A devout Christian insisted that the number would mark him with the number of the Beast as detailed in the Bible’s Book of Revelation. He had worked for the north Georgia plastics company since June 2007 and said that he “grew nervous” when the number of accident-free days crept town the 660s. Rather than engineer an accident, however, he tried to explain that wearing the number would condemn him to hell. After a three-day suspension, he was fired at a human resources meeting. He is now seeking not just back pay but punitive damages under the theory that the company was making him choose between his job and abandoning his God.
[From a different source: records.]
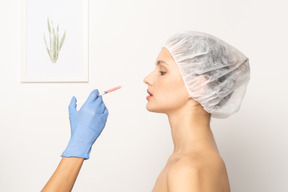 Young woman about to get botox injection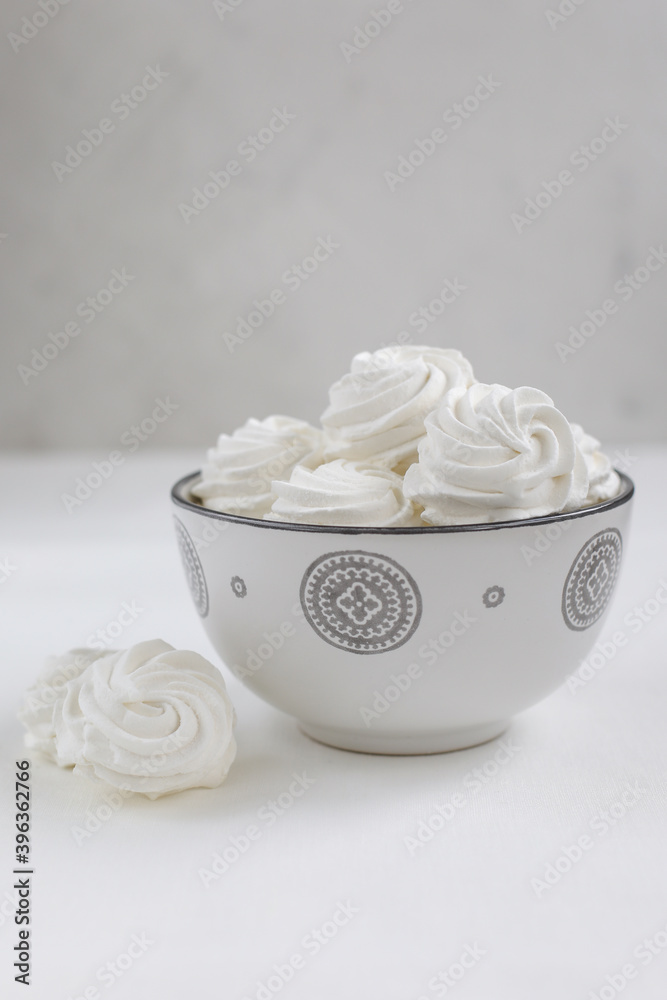 Fresh airy handmade vanilla marshmallows in a vase against a light background Fresh airy handmade vanilla marshmallows in a vase against a light background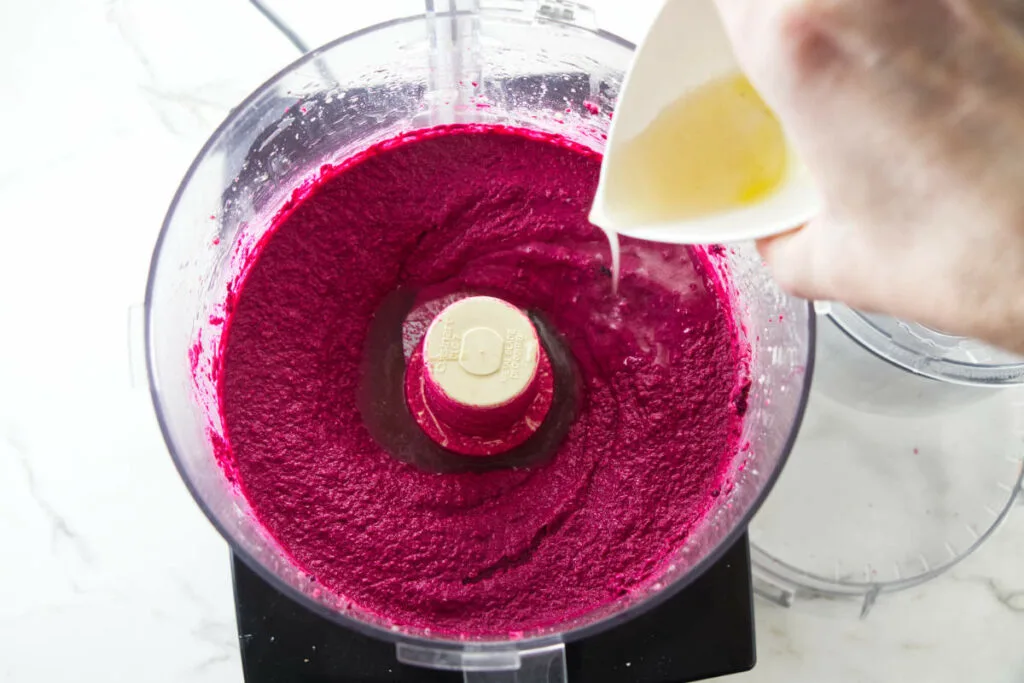 Adding liquid to beet hummus.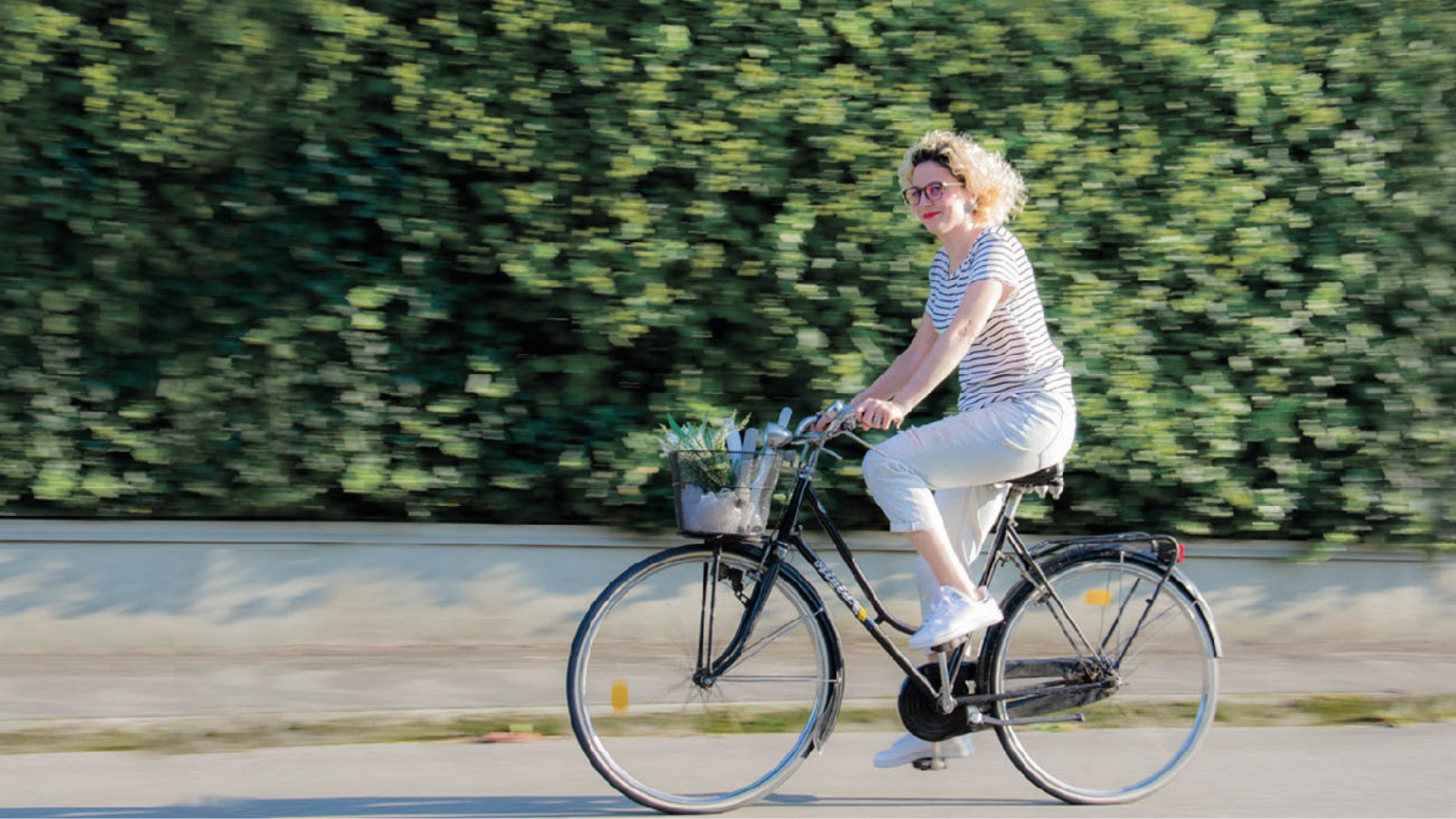 Francesca Campese, interior coach, pedala in bicicletta con un cesto di piante lungo una strada immersa nel verde.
There are a couple of problems with the claim. First, I have already identified the Beast in a prior column as Michael Eisner, former CEO at Disney. Second, many scholars believe the actual number is 616, not 666. It turns out that 666 may be the ancient equivalent to a typo. Papyrus 115 is a fragmented piece of papyrus that dates back to the 3rd century and was not translated until the 20th century. Researchers were surprised to see that the papyrus included “616” as the sign of the Beast. If true, Hyatt was likely already wearing the number and lost his soul 50 days before (yes, I would like the company lawyers to make this argument with attribution in the upcoming hearing).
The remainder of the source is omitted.